**TASK REQUIREMENTS**
Everything from the line with "Denial of Service" to the end of the data below, both lines included, should be transcribed exactly; please omit the pictures.

-- INFORMATION PROVIDED follows --

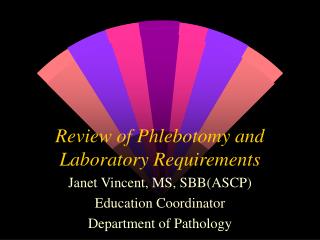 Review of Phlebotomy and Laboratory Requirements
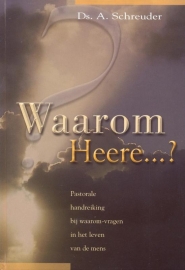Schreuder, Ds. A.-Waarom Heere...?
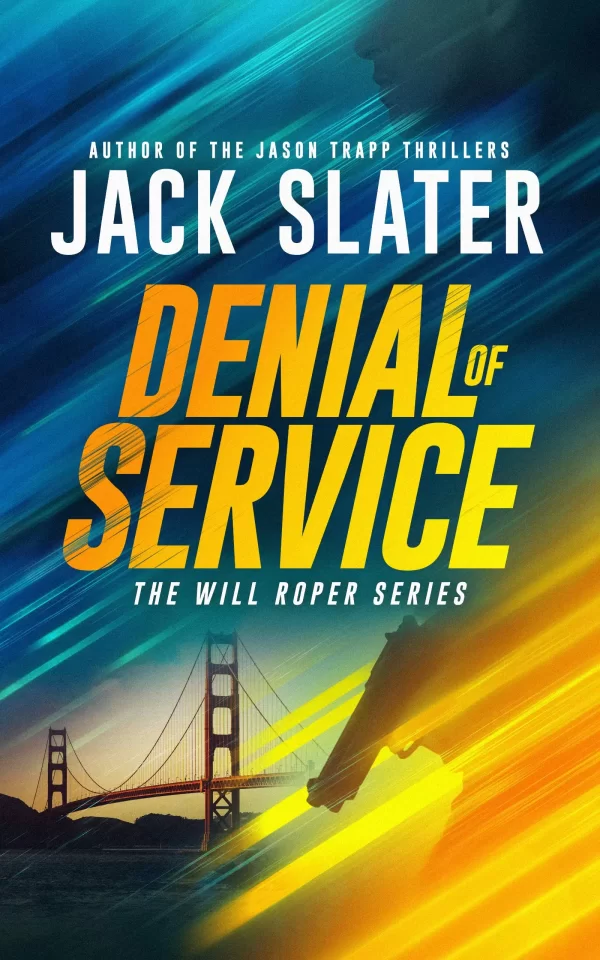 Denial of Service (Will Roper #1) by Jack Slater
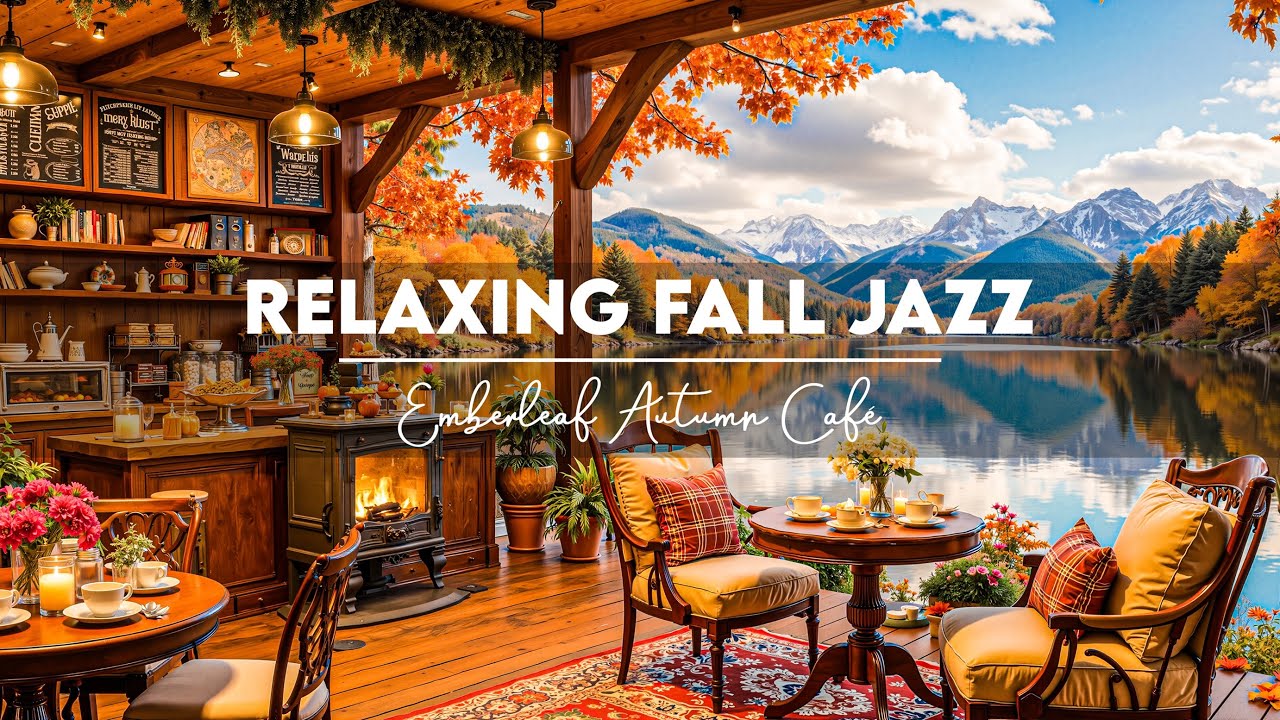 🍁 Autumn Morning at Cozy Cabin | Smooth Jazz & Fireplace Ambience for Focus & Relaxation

-- INFORMATION PROVIDED concluded --

**TASK SOLUTION**
 Denial of Service (Will Roper #1) by Jack Slater
 🍁 Autumn Morning at Cozy Cabin | Smooth Jazz & Fireplace Ambience for Focus & Relaxation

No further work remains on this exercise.